The gate functions are of great importance for LSTM layer, they are what allow the layer to learn short and long term dependencies, and they also help avoiding the exploding and vanishing gradients problem.

We end up with a sum of two components: one that depends on the current input and one that depends on the past (i.e. $\mathbf{h}^{\left(t-1\right)}$ which encodes information about previous time steps), and the component with larger magnitude will dominate the transition. If $W\mathbf{x}^{\left(t\right)}$ is larger, the layer will not be sensitive enough to the past, and if $U\mathbf{h}^{\left(t-1\right)}$ is larger, then the layer will not be sensitive to subtle changes in the input.
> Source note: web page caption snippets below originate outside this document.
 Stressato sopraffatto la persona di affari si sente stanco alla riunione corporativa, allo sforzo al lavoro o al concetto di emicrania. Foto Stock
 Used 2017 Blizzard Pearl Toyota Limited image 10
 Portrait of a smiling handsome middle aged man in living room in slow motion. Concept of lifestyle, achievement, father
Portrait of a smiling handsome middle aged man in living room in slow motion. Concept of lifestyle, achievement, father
The author noted that since in most cases the input $\mathbf{x}^{\left(t\right)}$ is an 1-hot vector, then multiply by $W$ is just selecting a specific column. So we may think of any gate function $\mathbf{s}\in\mathcal{S}_{\sigma}$ as a fixed base affine transformation $\mathbf{h}\mapsto U\mathbf{h}$ combined with input-dependent bias vector $\mathbf{b}_{\mathbf{x}^{\left(t\right)}}=W\mathbf{x}^{\left(t\right)}$ . That is $$\mathbf{s}\left(\mathbf{x}^{\left(t\right)},\mathbf{h}^{\left(t-1\right)}\right)=U\mathbf{h}^{\left(t-1\right)}+\mathbf{b}_{\mathbf{x}^{\left(t\right)}}$$ that formula emphasis the additive effect of the current input-vector on the transition of $\mathbf{h}^{\left(t-1\right)}$ .
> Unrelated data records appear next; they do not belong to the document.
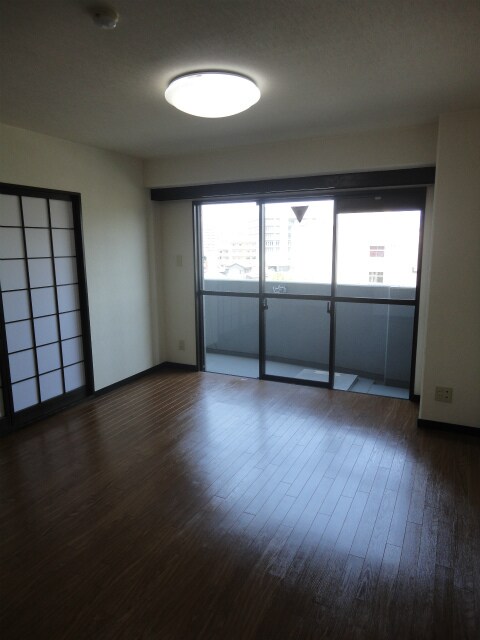 グランドールハタダの物件内観写真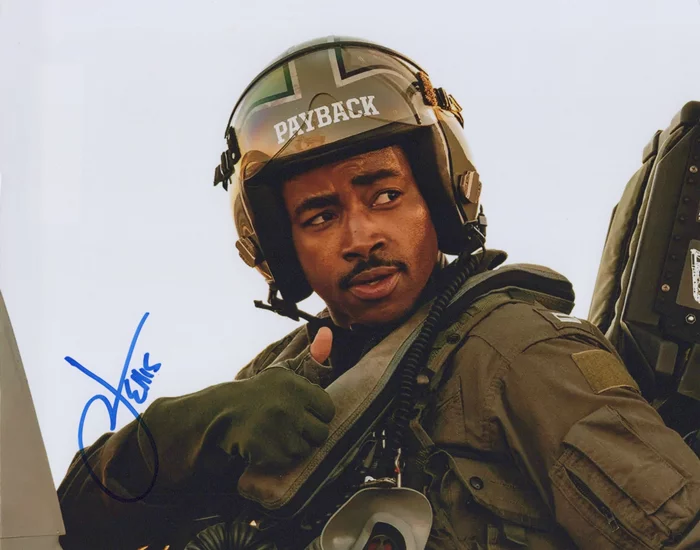Jay Ellis autograph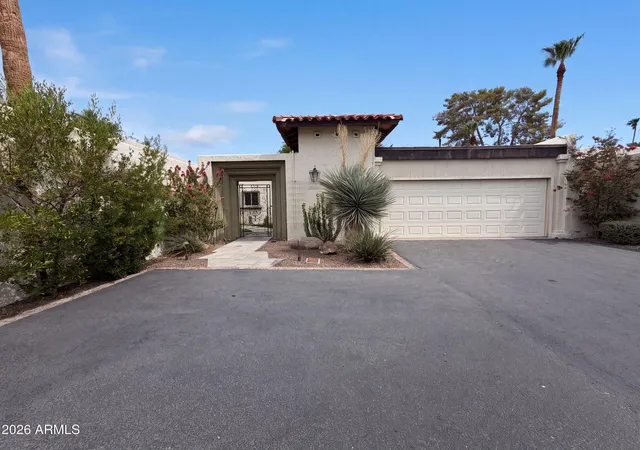 Townhouse for sale at 5341 N Questa Tierra Dr, Phoenix, AZ 85012 | MLS# 7057742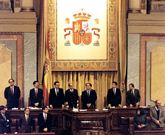 Constitución de la Mesa del Congreso, Féliz Pons, Presidente. Vicepresidentes 1º a 4º. Juan Muñoz, Federico Trillo, Joan Marcet, Josep María Trias de Bes. Secretarios 1º a 4º, Ramón Vargas-Machuca, Juan Carlos Aparicio, María Dolores Pelayo y José Luis Nuñez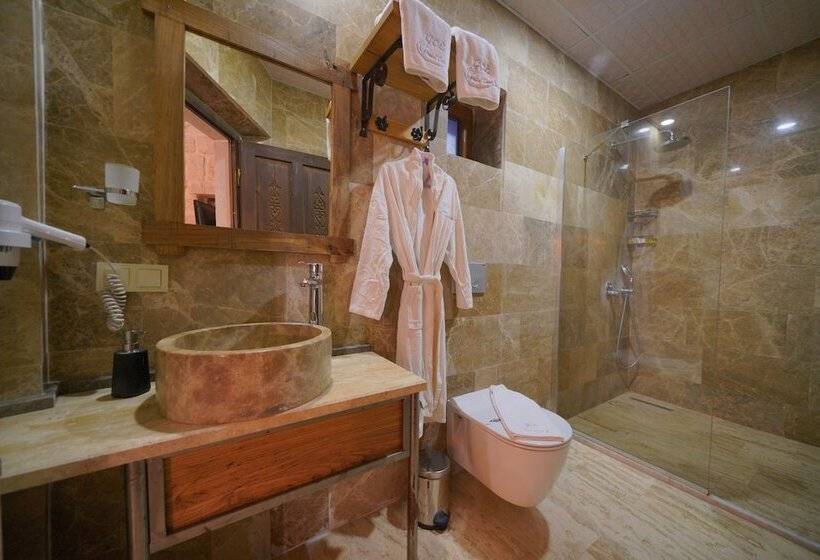 هتل Goreme Cave Lodge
The goal in multiplicative LSTM (mLSTM), is to have an unique affine transformation (in our case, unique matrix $U$ ) for each possible input. Obviously, if the number of possible inputs is very large, the number of the parameters will explode and it won’t be feasible to train the network. To overcome that, the authors of the paper suggested to learn shared intermediate matrices that will be used to construct an unique $U$ for each input, and because the factorization is shared, there are less parameters to learn.

The factorization is defined as follow: the unique matrix $U_{\mathbf{x}^{\left(t\right)}}$ is constructed by $V_{1}diag\left(T\mathbf{x}^{\left(t\right)}\right)V_{2}$ where $V_{1},V_{2}$ and $T$ are intermediate matrices which are shared across all the possible inputs, and $diag\left(\mathbf{v}\right)$ is an operation that maps any vector $\mathbf{v}$ to a square diagonal matrix with the elements of $\mathbf{v}$ on its diagonal.

Note that the target dimension of $T$ may be arbitrarily large (in the paper they chose it to be the same as $\mathbf{h}^{\left(t\right)}$ ).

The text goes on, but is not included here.